Over the past year, the AI research company OpenAI has been feeding a giant bank of captioned images into a program called DALL-E. Named after the Surrealist artist and the endearing robot from Pixar’s 2008 classic WALL-E, the machine learning system can generate any image simply by typing short descriptions into a text box. From that brief prompt, the system conjures a set of original visuals that reflect some version of the phrase. Our favorites from DALL-E’s Instagram: “Michelangelo’s sculpture of David wearing headphones DJing” and “claymation of teenage unicorns being taught algebra.”
Some may dismiss the humorous renderings as another viral art-world trend, but the implications of photorealistic images generated by AI within seconds from simple text prompts are sure to reverberate throughout the creative industries. For one, there’s the all-too-real fear of those trained in analog skills losing their jobs. While layoffs can be expected with the adoption of new technologies, others theorize that programs like DALL-E will instead jumpstart an explosion of innovation. That scenario largely hinges on artists finding inventive ways to make the AI work for them rather than against them. For example, an architect can use the tool to envision new possibilities of coexistence between buildings and nature; product designers might streamline the sketching process.
If a machine is handling most of the “creative” work, can the images be called art? Aaron Hertzmann, a computer science professor at the University of Washington, explains this way of thinking echoes early 20th-century arguments against the artistic merit of photography. Today, most people acknowledge the extent of human craft involved in taking a photograph. As the old adage goes, it’s the eye behind the lens—not the lens itself—responsible for impactful photos. One scroll through Instagram proves that.
There’s also the law of unintended consequences. Hertzmann notes the Modern Art movement came about because of photography, which pushed painting away from photorealism and into abstraction once cameras became more readily available.
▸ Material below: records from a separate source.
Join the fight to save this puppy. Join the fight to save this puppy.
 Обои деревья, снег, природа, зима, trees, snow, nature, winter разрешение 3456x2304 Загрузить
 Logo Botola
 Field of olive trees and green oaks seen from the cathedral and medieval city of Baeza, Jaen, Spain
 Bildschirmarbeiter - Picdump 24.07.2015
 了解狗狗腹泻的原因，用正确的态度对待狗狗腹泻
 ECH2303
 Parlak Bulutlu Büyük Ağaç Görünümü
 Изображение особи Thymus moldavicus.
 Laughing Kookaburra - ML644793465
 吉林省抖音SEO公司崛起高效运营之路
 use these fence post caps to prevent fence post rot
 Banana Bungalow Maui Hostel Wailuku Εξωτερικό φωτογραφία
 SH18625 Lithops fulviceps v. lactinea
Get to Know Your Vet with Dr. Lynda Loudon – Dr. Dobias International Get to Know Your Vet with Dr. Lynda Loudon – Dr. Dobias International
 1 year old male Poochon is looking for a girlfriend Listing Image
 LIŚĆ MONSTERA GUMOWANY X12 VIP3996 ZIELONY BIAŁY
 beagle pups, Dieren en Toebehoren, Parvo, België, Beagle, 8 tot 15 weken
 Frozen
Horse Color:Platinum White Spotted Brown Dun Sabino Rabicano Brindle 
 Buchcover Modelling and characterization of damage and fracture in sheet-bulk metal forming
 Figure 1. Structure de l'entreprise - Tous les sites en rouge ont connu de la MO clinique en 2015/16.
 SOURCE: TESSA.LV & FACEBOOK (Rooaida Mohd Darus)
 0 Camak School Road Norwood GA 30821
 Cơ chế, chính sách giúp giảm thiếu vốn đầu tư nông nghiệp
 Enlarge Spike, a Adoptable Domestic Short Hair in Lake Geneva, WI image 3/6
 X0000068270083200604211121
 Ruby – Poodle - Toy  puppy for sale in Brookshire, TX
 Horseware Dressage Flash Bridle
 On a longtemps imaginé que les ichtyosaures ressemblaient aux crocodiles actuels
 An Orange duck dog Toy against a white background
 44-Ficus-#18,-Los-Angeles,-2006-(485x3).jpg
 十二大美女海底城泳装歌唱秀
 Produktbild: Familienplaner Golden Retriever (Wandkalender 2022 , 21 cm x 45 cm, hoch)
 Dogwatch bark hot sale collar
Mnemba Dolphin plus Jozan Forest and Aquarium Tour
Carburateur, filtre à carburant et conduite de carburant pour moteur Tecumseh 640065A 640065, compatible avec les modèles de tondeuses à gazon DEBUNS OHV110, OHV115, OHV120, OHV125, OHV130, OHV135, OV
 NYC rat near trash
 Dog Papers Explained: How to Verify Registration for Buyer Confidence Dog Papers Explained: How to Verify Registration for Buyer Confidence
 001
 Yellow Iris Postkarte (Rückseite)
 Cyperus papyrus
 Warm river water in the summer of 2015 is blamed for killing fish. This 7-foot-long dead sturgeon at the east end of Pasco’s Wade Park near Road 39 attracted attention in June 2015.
This dynamic is on display in the work of artists like Danielle Baskin, who uses DALL-E to imagine “alternative realities”—think high-speed rail zooming across the Golden Gate Bridge or ramen flowing out of a faucet.
“Art maintains its vitality through continual innovation, and technology is one of the main engines,” Hertzmann writes. “We’re lucky to be alive at a time when artists can explore ever-more powerful tools. Today, through GitHub and Twitter, there’s an extremely rapid interplay between machine learning researchers and artists; it seems like, every day, we see tinkerers and artists tweeting new creative experiments with the latest neural networks. Seeing an artist create something wonderful with new technology is thrilling, because each piece is a step in the evolution of new forms of art. As artists’ tools, AI software will surely transform the way we think about art in thrilling and unpredictable ways.”
The software comes with its share of limitations. For one, DALL-E won’t generate visuals of real people, and retains the rights to each image it produces. Its algorithm has also generated sexist and racist imagery—search terms like “CEO” yielded white men in suits—illustrating an ongoing flaw with AI. In a statement, OpenAI acknowledged that DALL-E “inherits various biases from its training data, and its output sometimes reinforces societal stereotypes.” False images that appear realistic can also open up more doors for fake news, which has already fostered an unstable political climate. “It’s all fun and games when you’re generating ‘robot playing chess’ in the style of Matisse,” Sarah Rose Sharp writes for Hyperallergic, “but dropping machine-generated imagery on a public that seems less capable than ever of distinguishing fact from fiction feels like a dangerous trend.”